Iversen wrote: The other problem is that the n-grams on the list come from things like Netflix. My preferred input is not films or series, but documentaries and non-fictional written materials.
Iversen, thank you for commenting! I've read a lot of your posts! I read your entire series of posts on the different approaches to language acquisition and I've learned a lot from it.
Yes, Spanish language shows on Netflix are not exactly my cup of tea either. It's just that at the moment Netflix happens to be the number one source of Spanish content with parallel English translations, and it has also been the easiest to harvest source of text for my corpus.
I plan to start collecting Spanish texts to create a similar corpus of written Spanish. Do you have any favorite authors/newspapers/books/magazines in Spanish?

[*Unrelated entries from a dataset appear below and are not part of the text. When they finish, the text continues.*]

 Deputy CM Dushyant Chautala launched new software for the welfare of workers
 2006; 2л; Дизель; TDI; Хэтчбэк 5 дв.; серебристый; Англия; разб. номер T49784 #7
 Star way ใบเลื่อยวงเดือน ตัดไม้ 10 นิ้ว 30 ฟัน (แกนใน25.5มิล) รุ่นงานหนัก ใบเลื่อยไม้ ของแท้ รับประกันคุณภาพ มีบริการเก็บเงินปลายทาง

@AllSubNoDub: In that particular video I'm not doing anything special besides trying to speak clearly. In other videos I did use software tools while writing the script to make sure I wasn't using too many uncommon words. My accent is just a mix of both sides of my family, which come from different regions.

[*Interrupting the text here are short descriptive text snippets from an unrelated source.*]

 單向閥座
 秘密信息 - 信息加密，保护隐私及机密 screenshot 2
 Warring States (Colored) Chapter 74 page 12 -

@BeaP: That's good! Is there a similar course for Spanish?
@luke: Thanks! I didn't mention any of that anywhere because I first want to get a feel of the forum and understand the rules well.
@LeBaron: So true. The other day a student asked me about a particular verb conjugation he was learning. It was a compund conjugation that included a form of haber. I did a search on the entire Netflix corpus, and could not find a single instance where it's used.
@tungemål: Some n-grams are idioms, but most are just raw data that needs to be further explained.
@Cainntear: Yup, sometimes these common n-grams can only be used with far more complex structures.